A closer look at Antrea, the new CNI for vSphere with Tanzu guest clusters

Cormac

4 years ago

I’ve spent quite a bit of time highlighting many of the new features of vSphere with Tanzu in earlier blog posts. In those posts, we saw how vSphere with Tanzu could be used to provision Tanzu Kubernetes Grid (TKG) guest clusters to provide a native, upstream-like, VMware supported Kubernetes. In this post, I want to delve into the guest cluster in more detail and examine the new, default Container Network Interface (CNI) called Antrea that is now shipping with the TKG guest cluster.

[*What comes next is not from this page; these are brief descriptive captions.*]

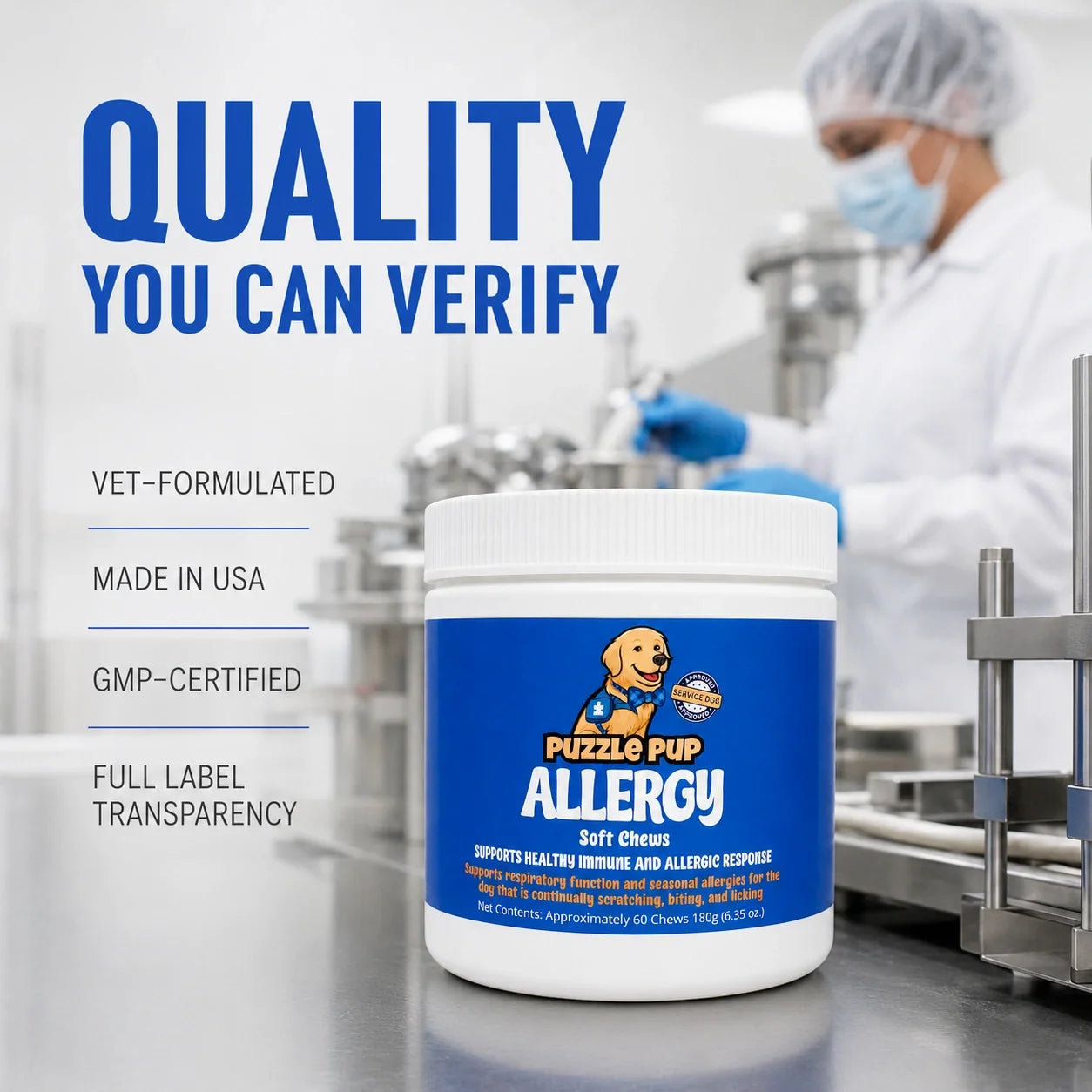 PuzzlePup quality standards: vet-formulated, made in the USA, GMP-certified, and full label transparency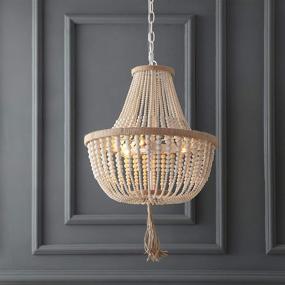 img 2 attached to 💡 Safavieh LIT4477B Collection Lush Kristi 3-Light 16.5" Beaded Pendant in Cream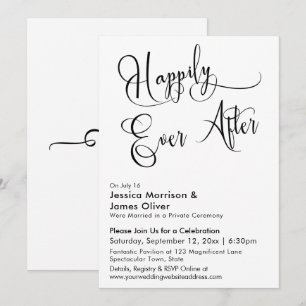 Invitation Heureux pour Toujours Calligraphie Noir & Blanc
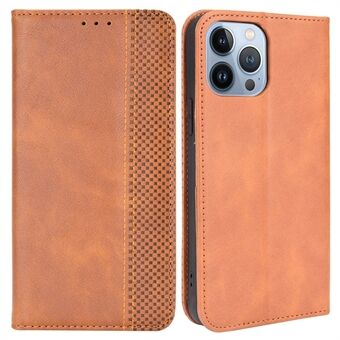 För iPhone 14 s plånboksställ Retro Texture Läderfodral Magnetisk autostängning Stand telefonfodral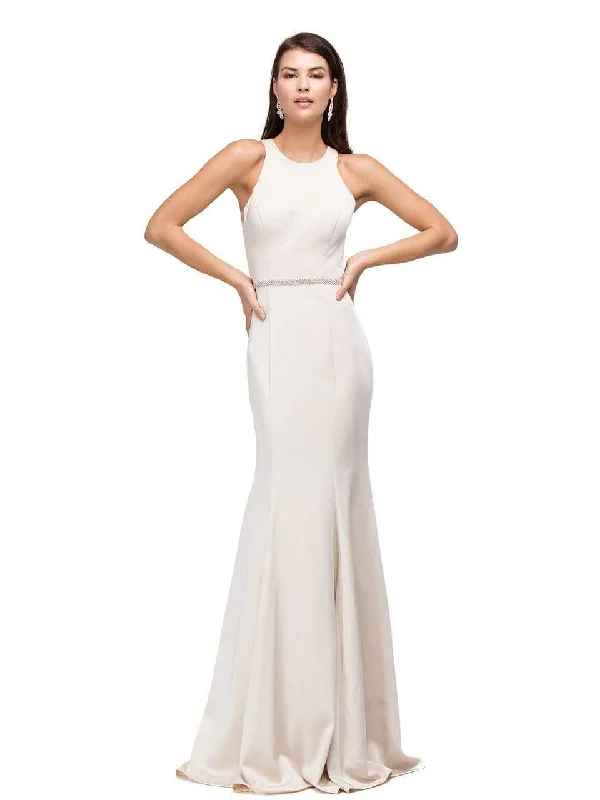 Dancing Queen Bridal - 9757 Sparking Jewel-accented High Scoop Jersey Mermaid Dress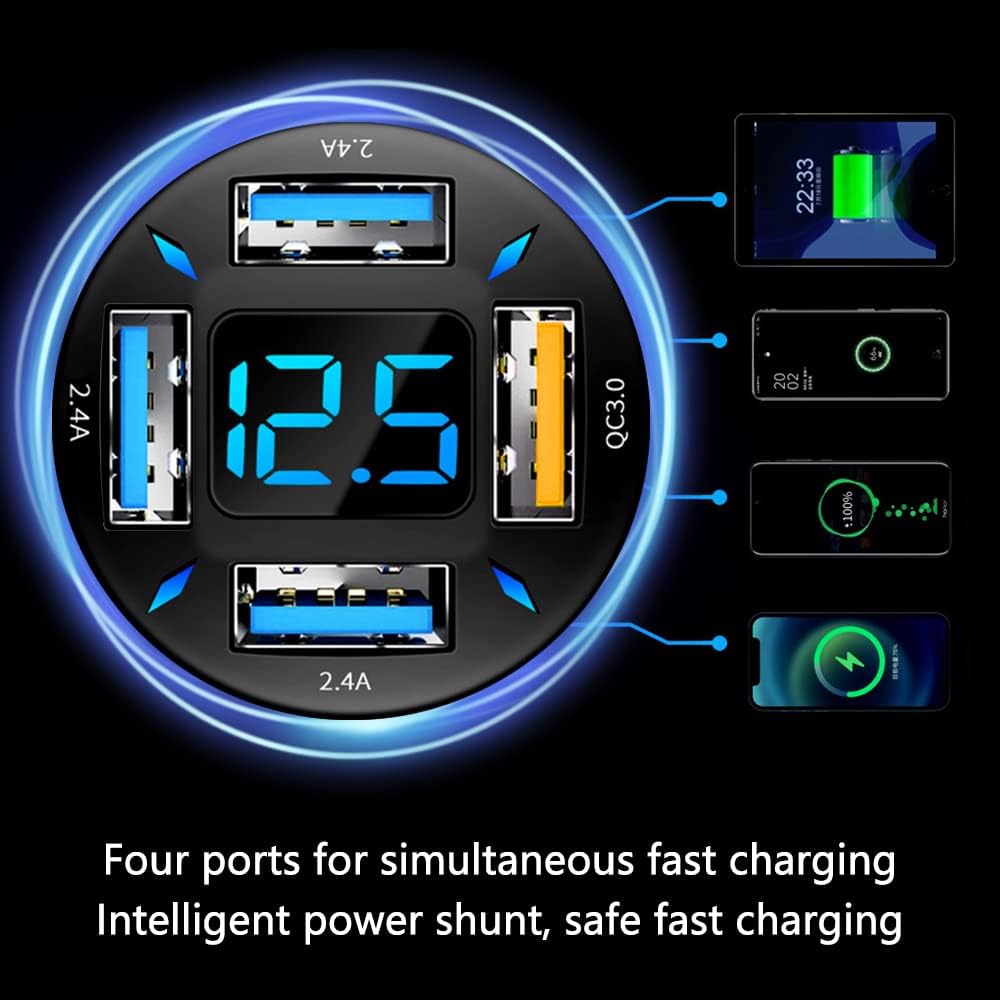 USB-C PD and QC 3.0 Car Charger with LED Voltmeter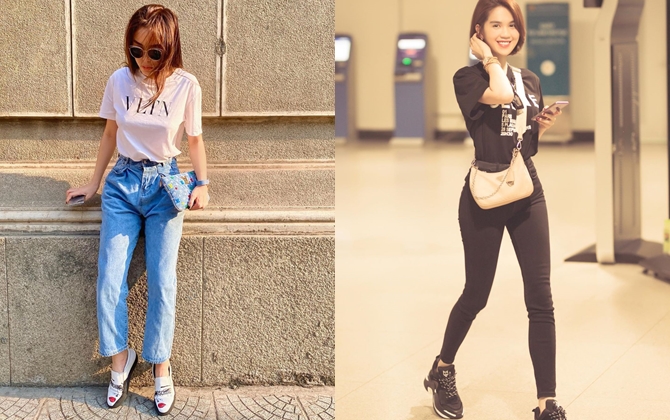 Street style sao Việt tuần qua: Ngọc Trinh, Kỳ Duyên so kè phong cách đối lập khi cùng diện áo  phông và quần jeans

Antrea provides networking and security services for a Kubernetes cluster. It is based on the Open vSwitch project (OVS), which is used as the networking data plane to provide network overlays for Pod-to-Pod communication. Another interesting feature of Antrea is network security policies. While Kubernetes does have in-built network policies, Antrea builds on those native network policies to provide more fine-grained network policies of its own. It has a ClusterNetworkPolicy which, as the name implies, operates at the Kubernetes cluster level. It also has NetworkPolicy which limits the scope of a policy to a Kubernetes namespace. The ClusterNetworkPolicy can be thought of as a means for a Kubernetes Cluster Admin to create a security policy for the cluster as a whole. The NetworkPolicy can be thought of as a means for a developer to secure applications in a particular namespace. We will later take a look at how these network policies can be used to secure traffic between Pods in the same workload, and between workloads in the same cluster.

Let’s start with a look at my TKG guest cluster, which I already provisioned from vSphere with Tanzu. It is running Kubernetes v1.18.5, and has been deployed with a single control plane node and two worker nodes. I’ve also displayed the Pods related to Antrea.

$ kubectl get nodes
NAME                                                STATUS   ROLES    AGE   VERSION
tkg-cluster-1-18-5-control-plane-bsn9l              Ready    master   21d   v1.18.5+vmware.1
tkg-cluster-1-18-5-workers-8zj27-67c98696dc-52g5r   Ready    <none>   21d   v1.18.5+vmware.1
tkg-cluster-1-18-5-workers-8zj27-67c98696dc-kfd5z   Ready    <none>   21d   v1.18.5+vmware.1

$ kubectl get pods -A | grep antrea
NAMESPACE         NAME                                    READY   STATUS    RESTARTS   AGE
kube-system       antrea-agent-ktn22                      2/2     Running   8          21d
kube-system       antrea-agent-l7gzv                      2/2     Running   9          21d
kube-system       antrea-agent-mt8xt                      2/2     Running   11         21d
kube-system       antrea-controller-846bd89cc6-87bjk      1/1     Running   5          21d

As you can see in this single control plane and 2 work node TKG cluster, there is a single Antrea controller and 3 x Antrea agents. The Antrea Controller watches the Kubernetes API server, and if there are any requests or updates around network policy, or Pod and Namespace networking, the controller distributes the required policies to all Antrea Agents.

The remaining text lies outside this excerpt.